Strabo
Strabo (/ˈstreɪboʊ/; Greek: Στράβων Strábōn; 64 or 63 BC – c. 24 AD) was a Greek geographer, philosopher, and historian who lived in Asia Minor during the transitional period of the Roman Republic into the Roman Empire.
Important Writings
Edom
Magi
Strabo quotes Polybius where he says that “the priests of the Egyptians, the Chaldaeans, and the Magi, because they excelled their fellows in knowledge of some kind or other, attained to leadership and honour among the peoples of our times” (Geog. 1.2.15). Quoting Poseidonius, he says that “the Council of the Parthians … consists of two groups, one that of kinsmen, and the other that of wise men and Magi, from both of which groups the kings were appointed” (11.9.3). The Magi kept a guard at the tomb of Cyrus[1], directed the sacrifices of the Persians and distributed the meat from the altar, without setting aside a portion for the Persian deities[2] because the gods do not need meat, where Strabo also said that “the Persians do not erect statues or altars, but offer sacrifice on a high place”, a practice we see the Israelites chastised for in Scripture.
Strabo also mentions his own eye-witness account of a “sect of the Magi, who are called Pyraethi (fire-kindlers)” who dwell in Cappadocia.
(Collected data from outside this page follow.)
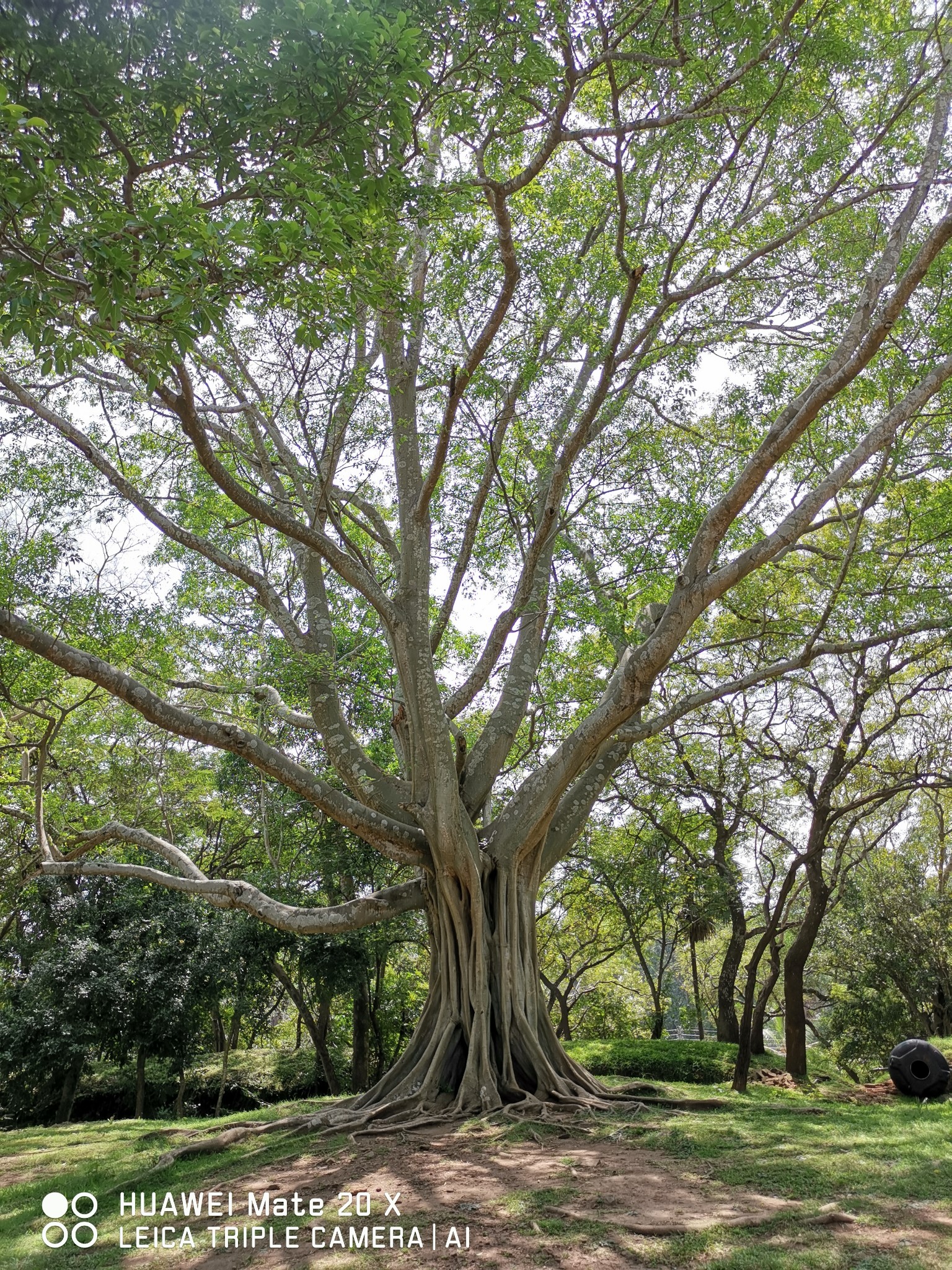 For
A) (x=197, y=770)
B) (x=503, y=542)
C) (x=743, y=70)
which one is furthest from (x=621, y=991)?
(x=743, y=70)

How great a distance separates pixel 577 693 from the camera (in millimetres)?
10109

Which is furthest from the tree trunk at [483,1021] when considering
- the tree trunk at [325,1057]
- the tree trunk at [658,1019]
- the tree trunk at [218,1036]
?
the tree trunk at [658,1019]

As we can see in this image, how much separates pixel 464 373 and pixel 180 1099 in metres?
11.5

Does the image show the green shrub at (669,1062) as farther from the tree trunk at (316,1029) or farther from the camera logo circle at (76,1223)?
the camera logo circle at (76,1223)

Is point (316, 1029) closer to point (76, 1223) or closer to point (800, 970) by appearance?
point (800, 970)

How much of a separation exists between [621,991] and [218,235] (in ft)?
75.4

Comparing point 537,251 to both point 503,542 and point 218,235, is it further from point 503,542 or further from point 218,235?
point 218,235

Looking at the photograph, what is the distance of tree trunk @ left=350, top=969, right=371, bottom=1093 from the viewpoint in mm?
13586

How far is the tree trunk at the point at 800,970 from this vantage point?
10289 millimetres

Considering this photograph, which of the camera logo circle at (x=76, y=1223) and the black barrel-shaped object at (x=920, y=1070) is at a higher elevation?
the black barrel-shaped object at (x=920, y=1070)

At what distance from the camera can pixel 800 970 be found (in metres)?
10.7

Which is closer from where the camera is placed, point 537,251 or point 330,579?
point 537,251

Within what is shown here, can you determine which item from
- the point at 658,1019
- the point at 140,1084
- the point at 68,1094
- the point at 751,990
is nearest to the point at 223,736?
the point at 751,990

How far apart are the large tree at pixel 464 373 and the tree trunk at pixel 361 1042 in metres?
5.01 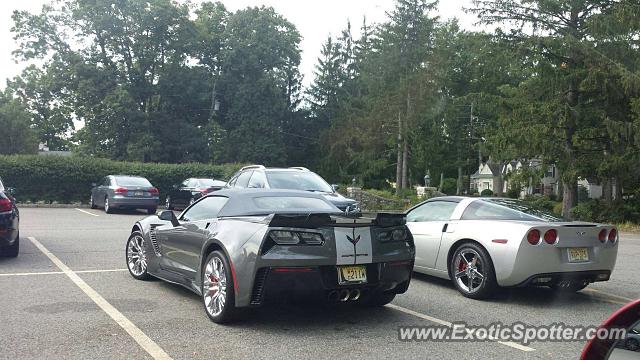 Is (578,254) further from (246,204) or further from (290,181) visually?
(290,181)

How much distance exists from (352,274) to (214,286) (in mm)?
1400

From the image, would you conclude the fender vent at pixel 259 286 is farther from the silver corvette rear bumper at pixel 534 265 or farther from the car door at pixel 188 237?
the silver corvette rear bumper at pixel 534 265

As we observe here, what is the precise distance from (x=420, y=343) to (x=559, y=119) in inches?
900

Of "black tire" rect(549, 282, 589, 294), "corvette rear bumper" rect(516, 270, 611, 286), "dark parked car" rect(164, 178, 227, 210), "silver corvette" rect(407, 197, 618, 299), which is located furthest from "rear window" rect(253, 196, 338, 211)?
"dark parked car" rect(164, 178, 227, 210)

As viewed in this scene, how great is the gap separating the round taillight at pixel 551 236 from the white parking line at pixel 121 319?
14.9 ft

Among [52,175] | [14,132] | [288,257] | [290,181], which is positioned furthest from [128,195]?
[14,132]

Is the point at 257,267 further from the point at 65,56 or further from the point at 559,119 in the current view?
the point at 65,56

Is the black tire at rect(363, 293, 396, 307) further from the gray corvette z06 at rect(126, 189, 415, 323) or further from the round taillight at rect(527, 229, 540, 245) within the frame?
the round taillight at rect(527, 229, 540, 245)

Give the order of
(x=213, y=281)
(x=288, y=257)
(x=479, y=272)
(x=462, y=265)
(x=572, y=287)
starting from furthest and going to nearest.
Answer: (x=572, y=287)
(x=462, y=265)
(x=479, y=272)
(x=213, y=281)
(x=288, y=257)

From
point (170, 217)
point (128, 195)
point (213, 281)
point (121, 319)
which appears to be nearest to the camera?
point (121, 319)

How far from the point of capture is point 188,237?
6.52 meters

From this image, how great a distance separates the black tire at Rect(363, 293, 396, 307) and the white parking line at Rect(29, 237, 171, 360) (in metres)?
2.38

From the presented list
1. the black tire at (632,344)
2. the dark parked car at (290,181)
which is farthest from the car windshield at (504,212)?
the dark parked car at (290,181)

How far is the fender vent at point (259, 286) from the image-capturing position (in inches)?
209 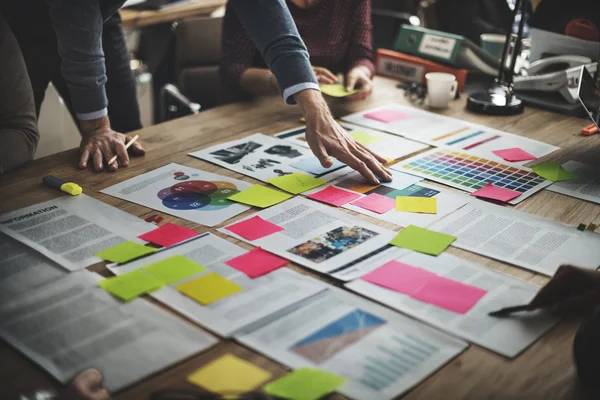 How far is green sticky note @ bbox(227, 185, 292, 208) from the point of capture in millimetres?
1462

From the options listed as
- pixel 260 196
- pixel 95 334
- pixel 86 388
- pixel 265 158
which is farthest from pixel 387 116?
pixel 86 388

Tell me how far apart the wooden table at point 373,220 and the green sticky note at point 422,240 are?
30 millimetres

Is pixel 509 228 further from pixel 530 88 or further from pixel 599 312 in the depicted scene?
pixel 530 88

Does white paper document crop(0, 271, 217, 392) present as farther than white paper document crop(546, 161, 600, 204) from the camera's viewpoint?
No

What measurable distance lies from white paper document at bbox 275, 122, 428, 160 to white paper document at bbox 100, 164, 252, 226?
349mm

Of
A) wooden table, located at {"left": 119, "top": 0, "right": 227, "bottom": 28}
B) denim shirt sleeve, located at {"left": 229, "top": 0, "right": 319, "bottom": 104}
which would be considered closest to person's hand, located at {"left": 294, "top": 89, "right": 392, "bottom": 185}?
denim shirt sleeve, located at {"left": 229, "top": 0, "right": 319, "bottom": 104}

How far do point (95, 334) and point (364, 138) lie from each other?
3.52 ft

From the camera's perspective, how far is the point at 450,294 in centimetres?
112

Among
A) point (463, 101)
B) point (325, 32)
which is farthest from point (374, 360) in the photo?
point (325, 32)

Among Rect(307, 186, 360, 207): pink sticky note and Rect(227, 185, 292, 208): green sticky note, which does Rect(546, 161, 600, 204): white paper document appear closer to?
Rect(307, 186, 360, 207): pink sticky note

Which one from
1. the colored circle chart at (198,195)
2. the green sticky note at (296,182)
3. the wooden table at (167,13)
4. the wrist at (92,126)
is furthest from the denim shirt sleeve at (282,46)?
the wooden table at (167,13)

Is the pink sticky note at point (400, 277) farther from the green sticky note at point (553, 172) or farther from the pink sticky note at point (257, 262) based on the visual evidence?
the green sticky note at point (553, 172)

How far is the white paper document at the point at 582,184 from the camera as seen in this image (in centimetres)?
155

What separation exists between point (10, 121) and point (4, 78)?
11 cm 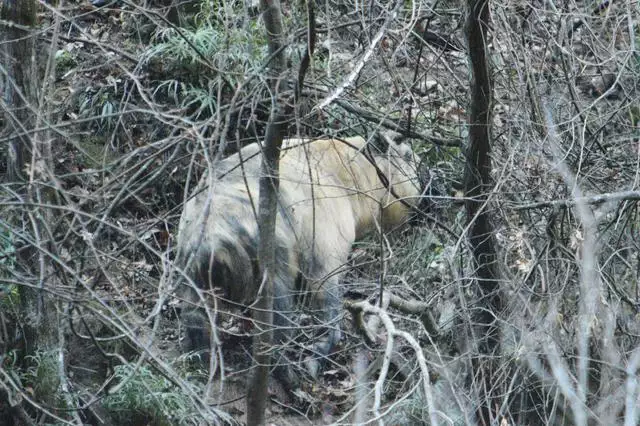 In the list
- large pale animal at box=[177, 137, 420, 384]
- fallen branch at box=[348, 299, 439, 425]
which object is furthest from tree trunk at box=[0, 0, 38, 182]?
fallen branch at box=[348, 299, 439, 425]

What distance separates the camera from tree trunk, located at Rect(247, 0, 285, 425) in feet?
16.8

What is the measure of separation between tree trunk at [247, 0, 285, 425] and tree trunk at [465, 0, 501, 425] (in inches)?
46.1

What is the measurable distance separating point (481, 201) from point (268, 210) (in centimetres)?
133

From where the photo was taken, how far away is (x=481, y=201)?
5.86 metres

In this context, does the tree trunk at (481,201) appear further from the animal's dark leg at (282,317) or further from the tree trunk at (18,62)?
the tree trunk at (18,62)

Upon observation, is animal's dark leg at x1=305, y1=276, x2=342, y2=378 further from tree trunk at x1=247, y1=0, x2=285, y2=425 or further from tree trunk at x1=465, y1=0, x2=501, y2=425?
tree trunk at x1=247, y1=0, x2=285, y2=425

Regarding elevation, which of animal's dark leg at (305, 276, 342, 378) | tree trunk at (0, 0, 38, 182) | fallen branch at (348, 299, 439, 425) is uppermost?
tree trunk at (0, 0, 38, 182)

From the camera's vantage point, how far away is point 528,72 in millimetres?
6031

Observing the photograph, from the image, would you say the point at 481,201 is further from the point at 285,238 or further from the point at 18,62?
the point at 18,62

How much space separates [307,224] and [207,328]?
1281mm

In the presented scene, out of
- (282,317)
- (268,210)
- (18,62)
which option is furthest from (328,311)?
(18,62)

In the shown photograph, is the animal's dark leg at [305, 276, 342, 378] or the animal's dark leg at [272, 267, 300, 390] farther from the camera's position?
the animal's dark leg at [305, 276, 342, 378]

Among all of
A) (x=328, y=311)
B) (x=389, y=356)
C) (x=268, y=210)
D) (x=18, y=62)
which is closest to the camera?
(x=389, y=356)

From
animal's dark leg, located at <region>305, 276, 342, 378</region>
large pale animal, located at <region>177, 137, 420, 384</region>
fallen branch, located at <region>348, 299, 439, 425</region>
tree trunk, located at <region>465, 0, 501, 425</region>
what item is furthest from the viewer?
animal's dark leg, located at <region>305, 276, 342, 378</region> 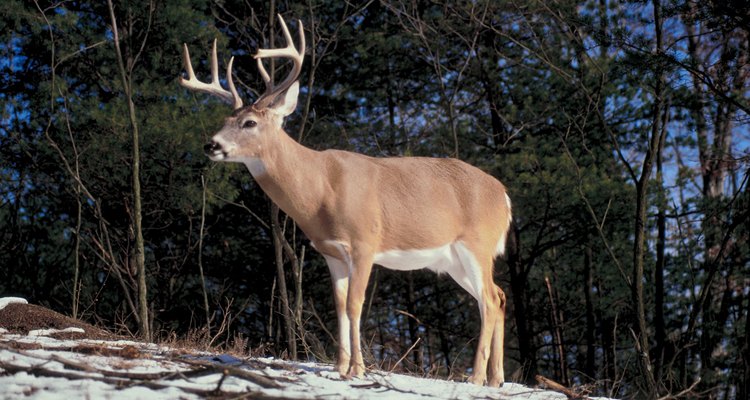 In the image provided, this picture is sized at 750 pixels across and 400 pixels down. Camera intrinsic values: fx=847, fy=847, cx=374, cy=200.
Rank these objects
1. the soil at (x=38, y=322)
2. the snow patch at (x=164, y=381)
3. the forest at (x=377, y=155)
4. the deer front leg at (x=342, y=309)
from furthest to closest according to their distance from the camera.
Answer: the forest at (x=377, y=155)
the soil at (x=38, y=322)
the deer front leg at (x=342, y=309)
the snow patch at (x=164, y=381)

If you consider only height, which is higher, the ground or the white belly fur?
the white belly fur

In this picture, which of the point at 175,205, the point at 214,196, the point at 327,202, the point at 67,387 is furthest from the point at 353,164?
the point at 175,205

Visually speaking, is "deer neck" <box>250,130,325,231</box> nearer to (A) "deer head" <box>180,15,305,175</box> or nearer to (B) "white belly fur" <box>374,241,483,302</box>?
(A) "deer head" <box>180,15,305,175</box>

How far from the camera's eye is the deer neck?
6363mm

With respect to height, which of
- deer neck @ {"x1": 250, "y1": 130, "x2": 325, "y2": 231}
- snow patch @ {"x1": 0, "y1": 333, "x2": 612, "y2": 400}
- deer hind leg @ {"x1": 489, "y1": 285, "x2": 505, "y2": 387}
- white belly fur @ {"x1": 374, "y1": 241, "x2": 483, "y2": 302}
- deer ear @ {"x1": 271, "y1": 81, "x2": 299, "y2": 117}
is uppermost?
deer ear @ {"x1": 271, "y1": 81, "x2": 299, "y2": 117}

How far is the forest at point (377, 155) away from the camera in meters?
13.8

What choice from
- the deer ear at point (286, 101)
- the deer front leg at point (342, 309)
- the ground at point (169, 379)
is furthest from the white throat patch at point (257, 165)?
the ground at point (169, 379)

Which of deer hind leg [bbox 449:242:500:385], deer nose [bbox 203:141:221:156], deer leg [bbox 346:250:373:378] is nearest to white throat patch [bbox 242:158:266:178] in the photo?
deer nose [bbox 203:141:221:156]

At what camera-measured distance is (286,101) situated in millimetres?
6844

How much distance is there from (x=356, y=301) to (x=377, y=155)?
9.96m

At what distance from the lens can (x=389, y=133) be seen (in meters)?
16.9

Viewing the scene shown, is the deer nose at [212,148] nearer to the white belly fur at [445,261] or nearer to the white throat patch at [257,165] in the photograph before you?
the white throat patch at [257,165]

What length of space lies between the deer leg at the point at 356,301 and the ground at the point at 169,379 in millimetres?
123

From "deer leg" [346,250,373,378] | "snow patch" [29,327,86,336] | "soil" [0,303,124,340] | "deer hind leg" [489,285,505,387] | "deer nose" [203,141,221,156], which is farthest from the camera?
"soil" [0,303,124,340] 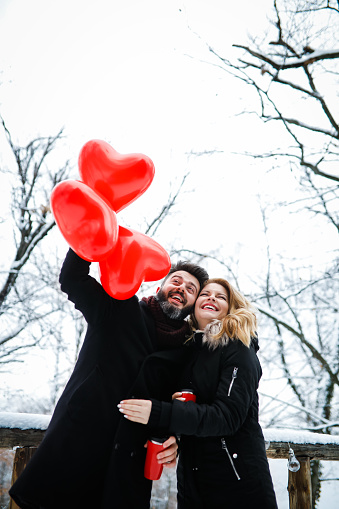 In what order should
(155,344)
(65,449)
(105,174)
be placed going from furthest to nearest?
(155,344)
(105,174)
(65,449)

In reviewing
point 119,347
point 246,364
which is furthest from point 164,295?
point 246,364

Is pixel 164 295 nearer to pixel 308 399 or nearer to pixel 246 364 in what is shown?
pixel 246 364

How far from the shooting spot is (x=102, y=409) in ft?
5.93

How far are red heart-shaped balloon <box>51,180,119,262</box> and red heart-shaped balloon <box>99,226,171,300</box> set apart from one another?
0.70 ft

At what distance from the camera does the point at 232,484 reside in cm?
182

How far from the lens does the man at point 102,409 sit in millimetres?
1669

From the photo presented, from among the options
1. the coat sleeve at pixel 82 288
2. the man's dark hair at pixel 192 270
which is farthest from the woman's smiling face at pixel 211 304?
the coat sleeve at pixel 82 288

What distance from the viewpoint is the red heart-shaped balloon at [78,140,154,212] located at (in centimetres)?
194

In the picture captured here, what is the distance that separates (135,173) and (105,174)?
0.18 meters

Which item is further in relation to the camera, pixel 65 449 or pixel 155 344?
pixel 155 344

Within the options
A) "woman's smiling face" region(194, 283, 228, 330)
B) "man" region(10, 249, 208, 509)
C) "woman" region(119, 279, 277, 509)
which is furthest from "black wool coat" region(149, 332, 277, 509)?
"woman's smiling face" region(194, 283, 228, 330)

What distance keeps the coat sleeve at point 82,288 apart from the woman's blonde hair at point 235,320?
0.74 meters

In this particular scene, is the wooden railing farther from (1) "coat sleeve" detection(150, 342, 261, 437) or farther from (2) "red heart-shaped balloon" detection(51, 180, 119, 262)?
(2) "red heart-shaped balloon" detection(51, 180, 119, 262)

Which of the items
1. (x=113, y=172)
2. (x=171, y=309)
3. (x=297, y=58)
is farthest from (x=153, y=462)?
(x=297, y=58) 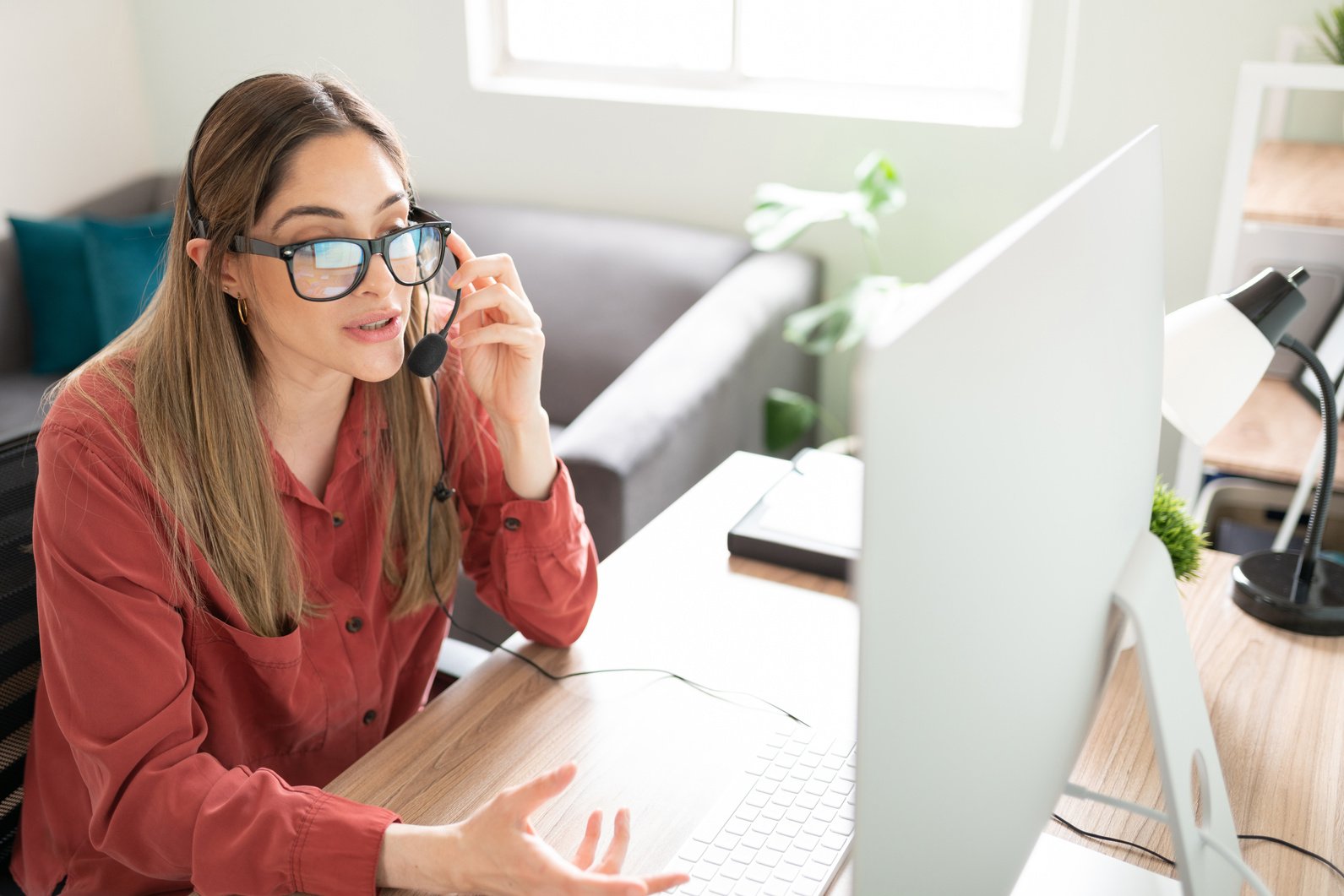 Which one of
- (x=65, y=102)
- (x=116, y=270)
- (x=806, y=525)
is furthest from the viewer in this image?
(x=65, y=102)

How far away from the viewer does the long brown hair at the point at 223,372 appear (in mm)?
1042

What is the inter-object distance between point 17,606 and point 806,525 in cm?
81

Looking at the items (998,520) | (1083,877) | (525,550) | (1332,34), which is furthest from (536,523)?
(1332,34)

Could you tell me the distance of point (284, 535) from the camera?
111 cm

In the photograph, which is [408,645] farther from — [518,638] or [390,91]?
[390,91]

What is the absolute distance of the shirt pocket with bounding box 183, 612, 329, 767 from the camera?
3.51 feet

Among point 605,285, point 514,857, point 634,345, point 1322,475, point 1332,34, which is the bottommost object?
point 634,345

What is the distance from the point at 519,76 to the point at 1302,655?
2.43 metres

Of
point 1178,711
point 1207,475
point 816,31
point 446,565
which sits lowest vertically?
point 1207,475

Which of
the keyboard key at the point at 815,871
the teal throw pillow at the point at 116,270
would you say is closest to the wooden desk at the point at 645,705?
the keyboard key at the point at 815,871

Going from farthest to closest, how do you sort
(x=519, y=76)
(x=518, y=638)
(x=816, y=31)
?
(x=519, y=76) → (x=816, y=31) → (x=518, y=638)

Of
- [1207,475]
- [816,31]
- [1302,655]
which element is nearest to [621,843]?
[1302,655]

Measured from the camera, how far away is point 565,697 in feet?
3.73

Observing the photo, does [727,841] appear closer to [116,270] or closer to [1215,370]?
[1215,370]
They are said to keep an eternal fire, and to sacrifice animals by cudgeling them, and to carry about in procession a wooden statue of a strange god named “Omanus”[3]. Among the Magi of Persia Strabo said that when they die they are not buried, but rather their bodies are left “to be eaten by birds”, and mentions that they were known to “consort even with their mothers”.[4]